* _What to produce_:
Copy without pictures. Please restate each line of the listing exactly.

* _Data_:
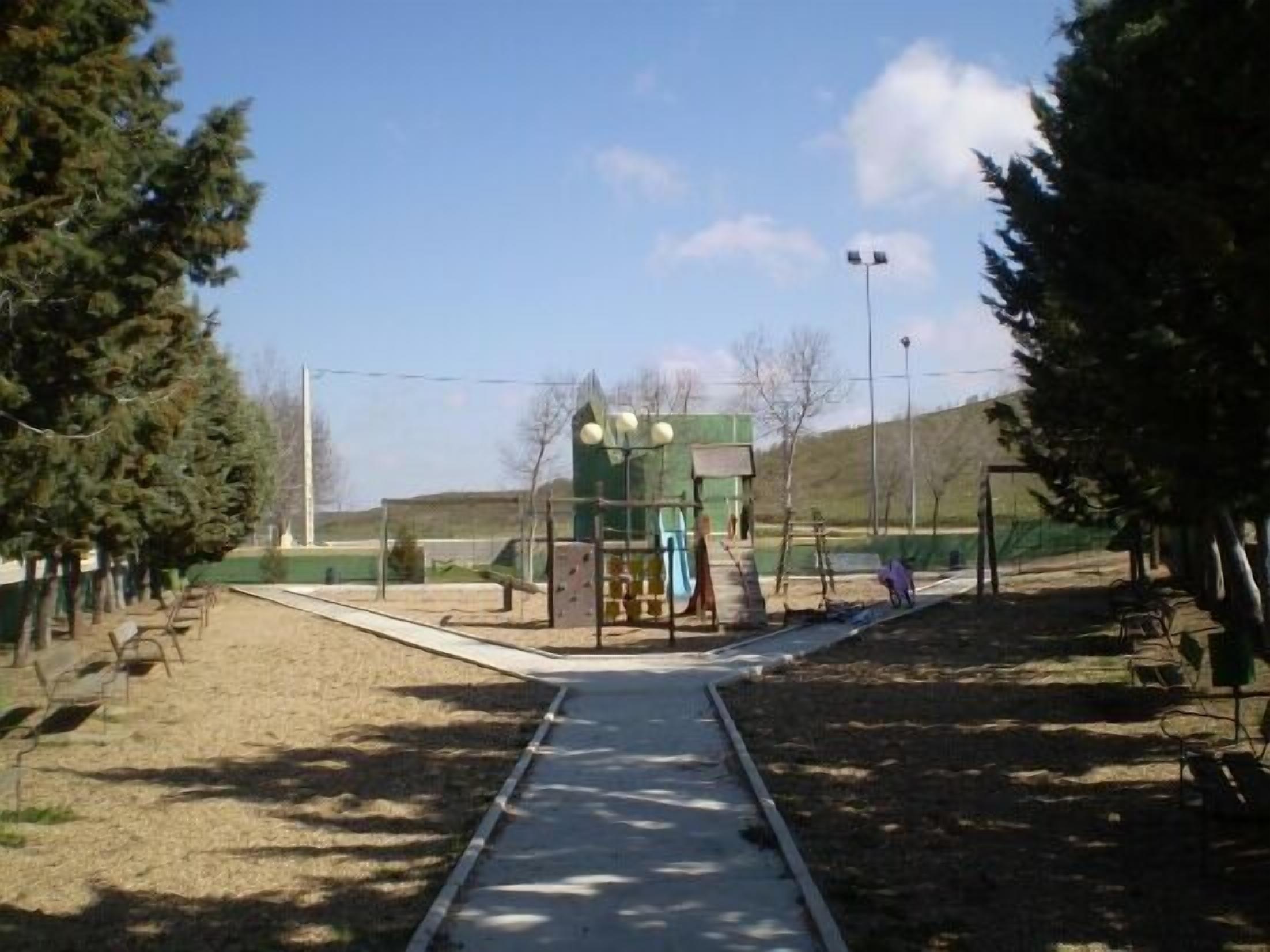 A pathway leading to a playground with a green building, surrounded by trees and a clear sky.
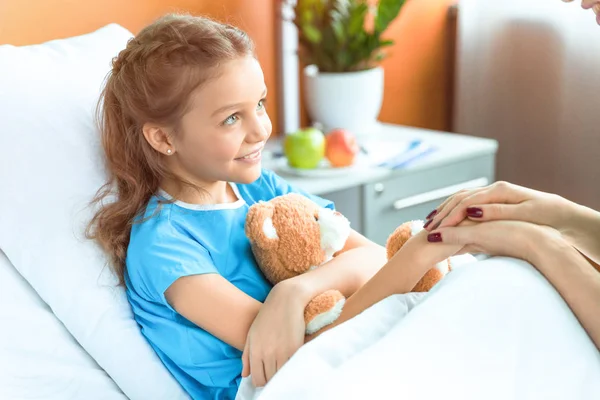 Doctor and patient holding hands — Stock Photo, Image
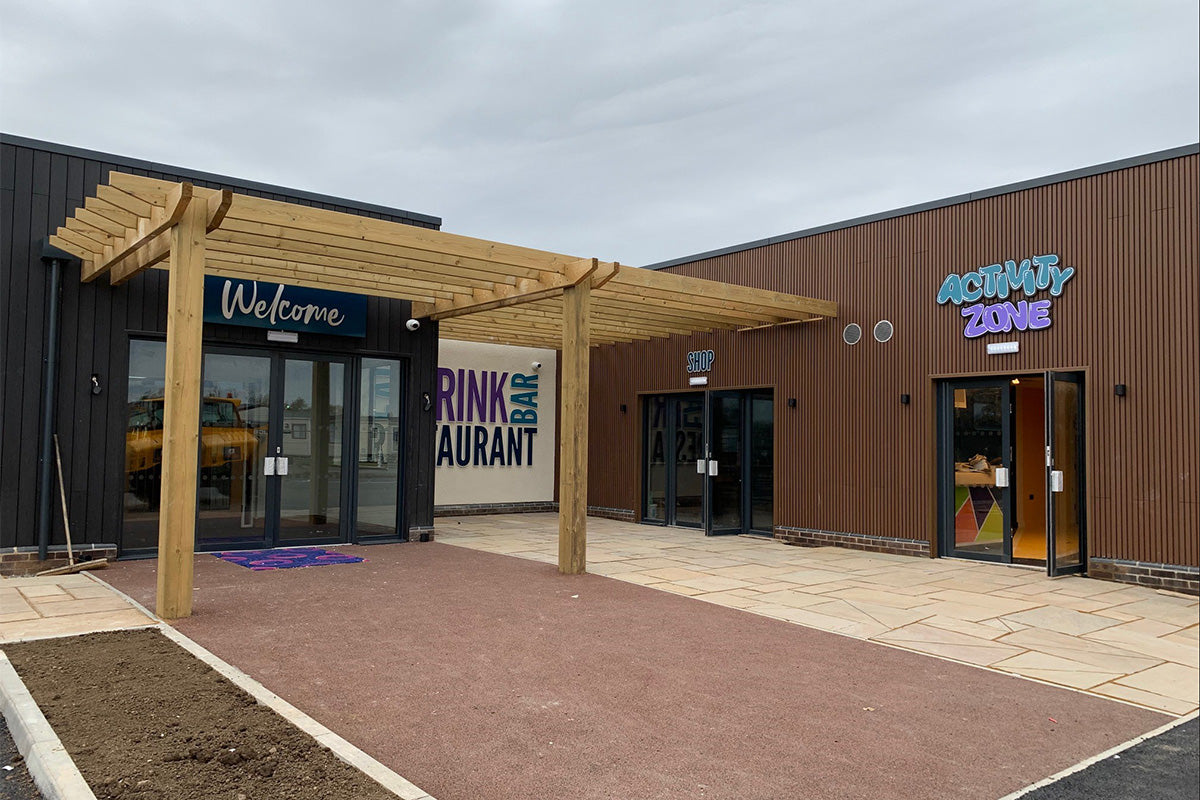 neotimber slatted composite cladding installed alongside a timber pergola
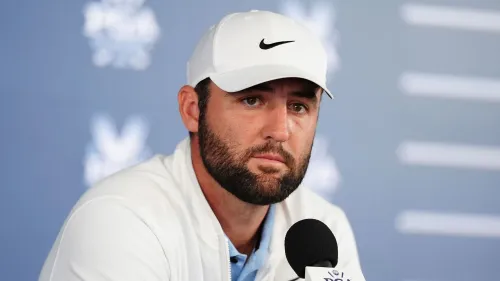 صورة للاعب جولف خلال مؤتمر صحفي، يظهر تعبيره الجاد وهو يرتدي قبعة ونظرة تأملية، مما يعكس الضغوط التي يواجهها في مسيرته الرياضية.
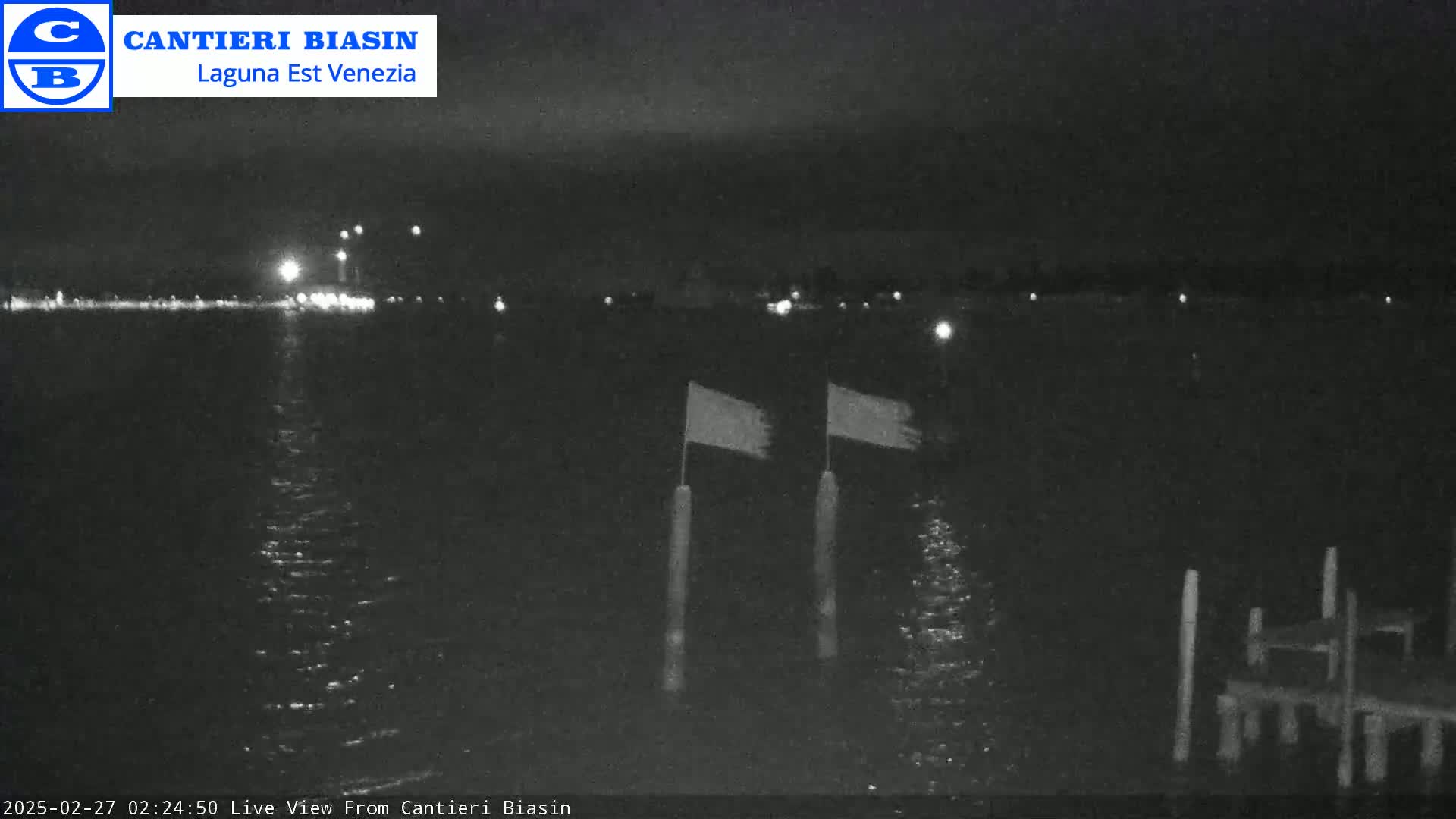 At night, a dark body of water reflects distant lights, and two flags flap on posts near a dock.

* _Result below_:
 A pathway leading to a playground with a green building, surrounded by trees and a clear sky.
 Doctor and patient holding hands — Stock Photo, Image
 neotimber slatted composite cladding installed alongside a timber pergola
 صورة للاعب جولف خلال مؤتمر صحفي، يظهر تعبيره الجاد وهو يرتدي قبعة ونظرة تأملية، مما يعكس الضغوط التي يواجهها في مسيرته الرياضية.
 At night, a dark body of water reflects distant lights, and two flags flap on posts near a dock.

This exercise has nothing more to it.